## What this task involves
Every record must be repeated exactly; omit any pictures they contain.

## Extracted entries
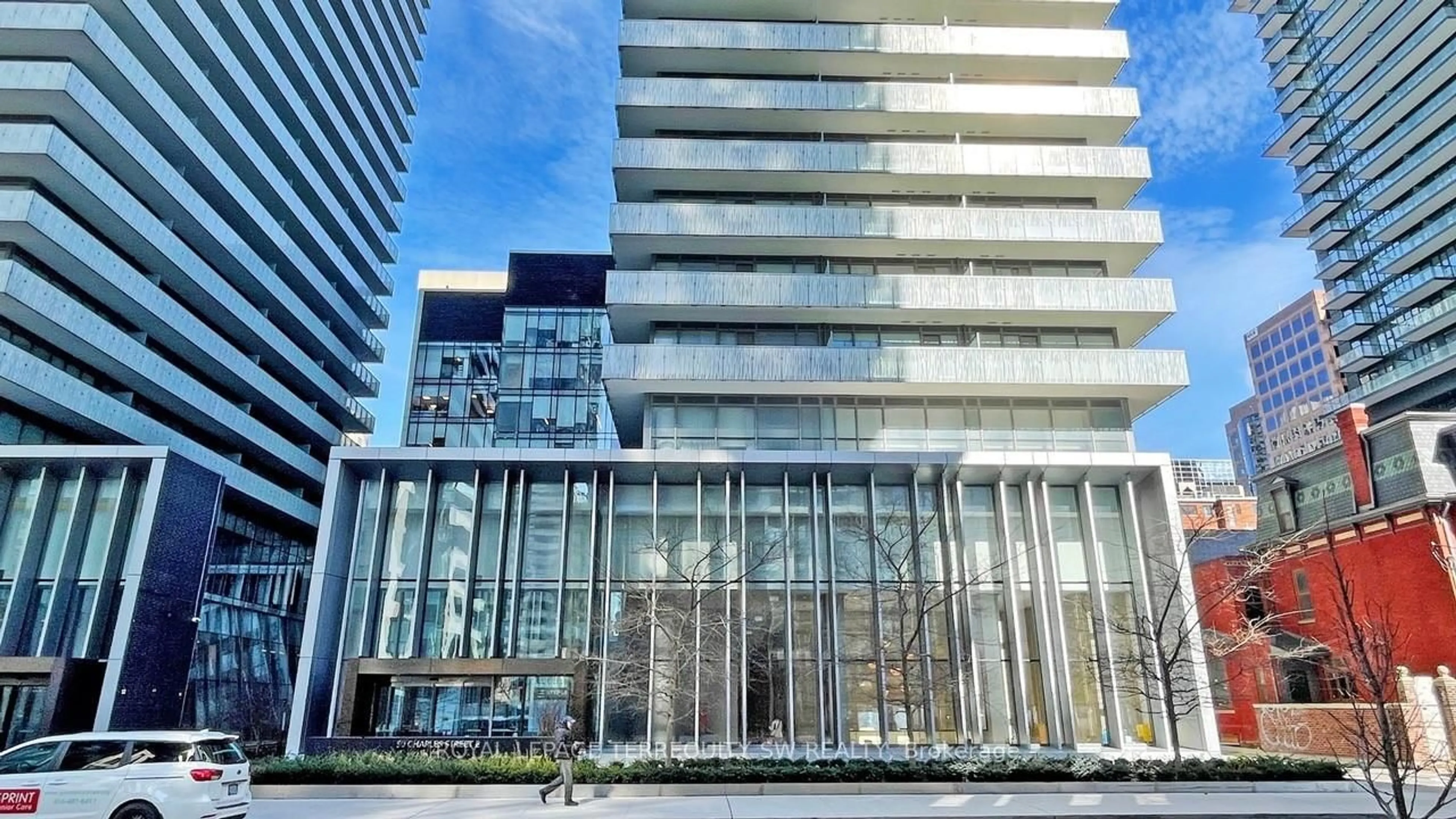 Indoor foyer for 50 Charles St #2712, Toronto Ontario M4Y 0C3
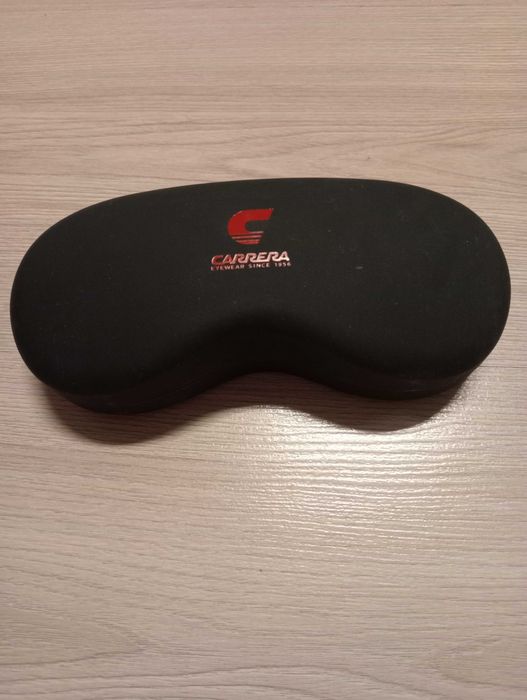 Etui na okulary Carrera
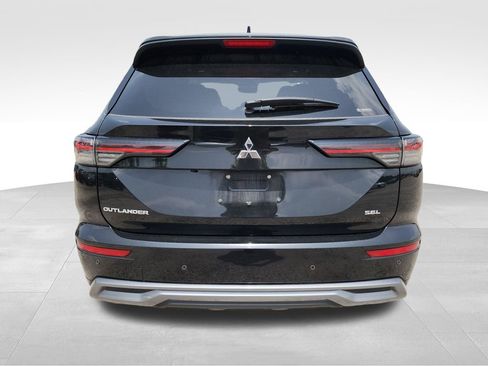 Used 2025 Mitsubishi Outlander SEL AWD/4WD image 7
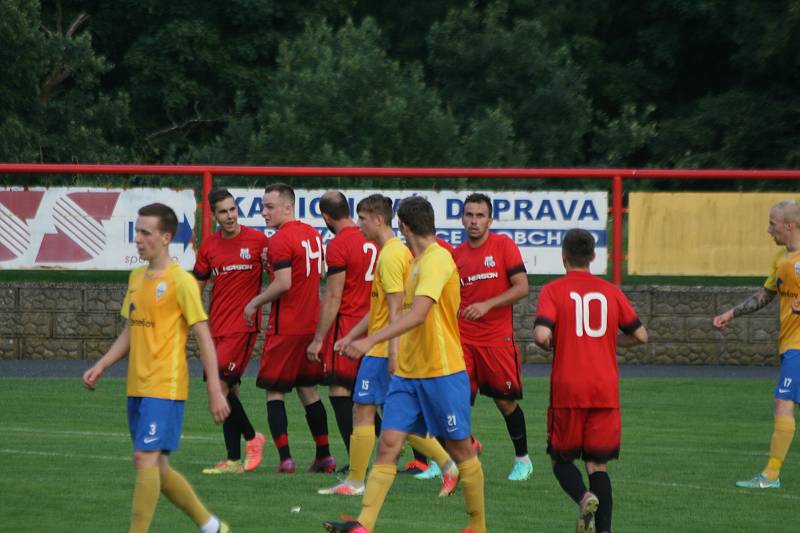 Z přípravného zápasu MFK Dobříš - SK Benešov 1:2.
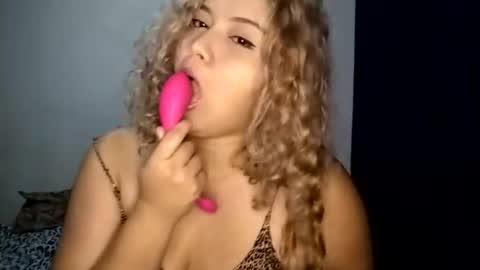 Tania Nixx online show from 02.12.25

## Written response
 Indoor foyer for 50 Charles St #2712, Toronto Ontario M4Y 0C3
 Etui na okulary Carrera
 Used 2025 Mitsubishi Outlander SEL AWD/4WD image 7
 Z přípravného zápasu MFK Dobříš - SK Benešov 1:2.
 Tania Nixx online show from 02.12.25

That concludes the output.